Today the average movie costs $4.2 million to distribute and nearly $35 million just to advertise. (The comparable 1947 figures, adjusted for inflation, were $550,000 and $300,000.) Such peripheral costs, Epstein explains, have grown so large that "even if the studios had somehow managed to obtain all their movies for free, they would still have lost money on their American releases."

What happened? Hollywood redefined itself too, Epstein argues--as a clearinghouse for intellectual property, not a factory for making movies. This new business is at least as profitable as the old one, but the "product" on offer is different. To explain, follow Epstein's detailed analysis of the movie Gone in 60 Seconds.

In 2000, Gone, an action-thriller, was released to little acclaim and somewhat disappointing box-office returns. The company that produced it, Touchstone, was (and is) part of the Disney empire. That year, Disney touted the global box-office revenue of Gone as $242 million. Not bad. Even if theaters kept $139.8 million from ticket sales, Disney still took in $102.2 million. Surely there was a profit in there somewhere?

Not necessarily. Consider the expenses. The physical production of the movie was $103.3 million. Prints cost $13 million; insurance, taxes and customs clearance came to almost as much. The studio spent $42 million for advertising in North America and a bit more than half of that for the rest of the globe. On the back end, Disney paid out $12.6 million in residual fees and figured in $17.2 million for overhead and $41.8 million for debt service--for a total negative cost of $265.3 million, more than double the studio's take of the box-office receipts.

So how did Disney make money? The answer is in the clearinghouse. Disney never expected to profit from the theatrical release of Gone in 60 Seconds, but it did count on harnessing a whole river of money--from the rights to the intellectual property it had created.

By 2002, Buena Vista Home Entertainment International, another division of Disney, had reaped $198 million in sales and rentals from Gone in 60 Seconds videos and DVDs. Only $19 million of that sum was credited to the movie itself, though, thanks to the complicated royalty system that Hollywood employs. This reduced number is an important accounting trick since the movie's star, Nicholas Cage, was contractually entitled to 10 percent of the video gross.

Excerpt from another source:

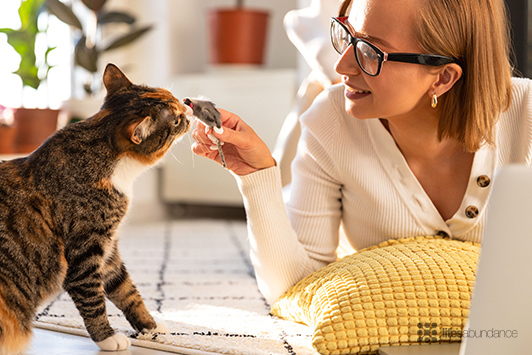 Pets Need New Year's Resolutions Too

Indeed, one of the key components of the clearinghouse system--boosting studio revenue enormously--is hiding income from a movie's (seeming) profit-participants. There is nothing illegal about it, although the effect is a nasty little game of hide and seek. One of the virtues
of The Big Picture is Epstein's astonishing access to numbers that the movie studios go to great lengths to keep secret, so as not to offend people like Cage.

In coming years, Disney can expect a steady, if diminished, stream of income from these Gone home-video sales. But there is more. HBO paid Disney $18.2 million for the rights to air the movie (of which only $2.7 million was exposed to parties entitled to residuals). Once HBO's deal expired, it migrated onto cable's TNT network for another payout. Disney will continue to collect money from Gone whenever domestic cable or network television shows it. In a few years, local TV stations will fork over to Disney still more millions when their window finally opens on purchase rights. Still later there will be cash from foreign TV markets. And let's not forget income from product licensing and soundtrack sales.

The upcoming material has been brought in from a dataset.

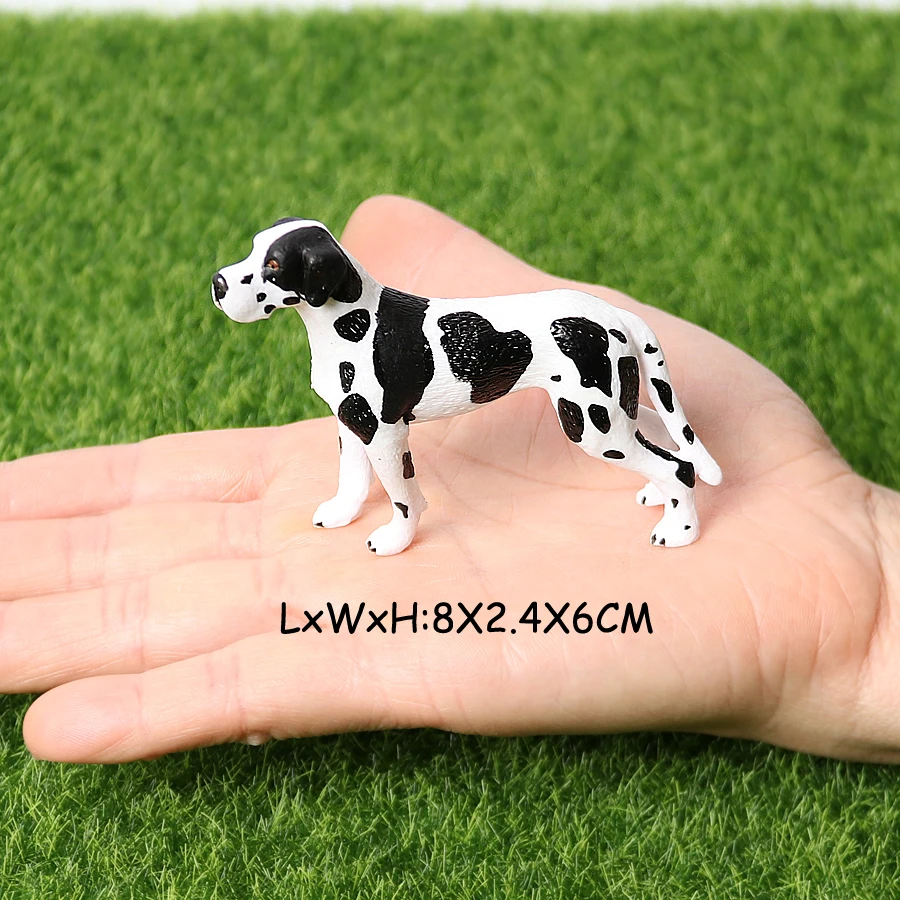PL127-243-2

The truth is that, even with terrible movies, the studios have to try hard not to make money. In this way, today's Hollywood is very much like the studio system of old. The two business models are so favorable that the quality of the product is beside the point. The difference, of course, is that the movies from the studio era were often quite good.

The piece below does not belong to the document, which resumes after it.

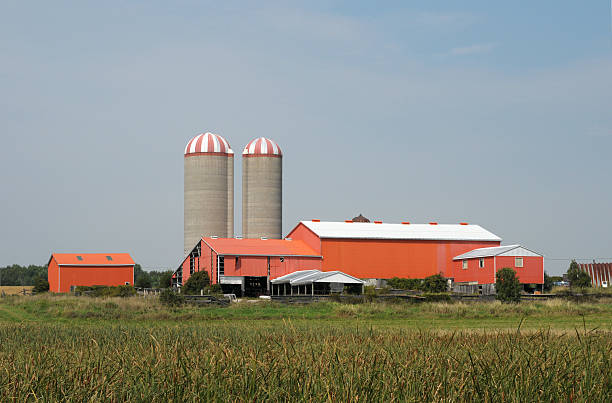 istock Orange farm buildings 146719552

As to why that's typically no longer the case, read last year's Hollywood Interrupted by Andrew Breitbart and Mark Ebner. Or check out this National Review Online piece by John Podhoretz from September of 2001 (published three days before the world changed), in which he argues that the reason why movies frequently stink is that today's Hollywood exists in a giant echo chamber, cannibalizing its own old movies for its plots, instead of relying on great stories and their writers, as they did during its Golden Era, or even its own dark renaissance in the 1970s.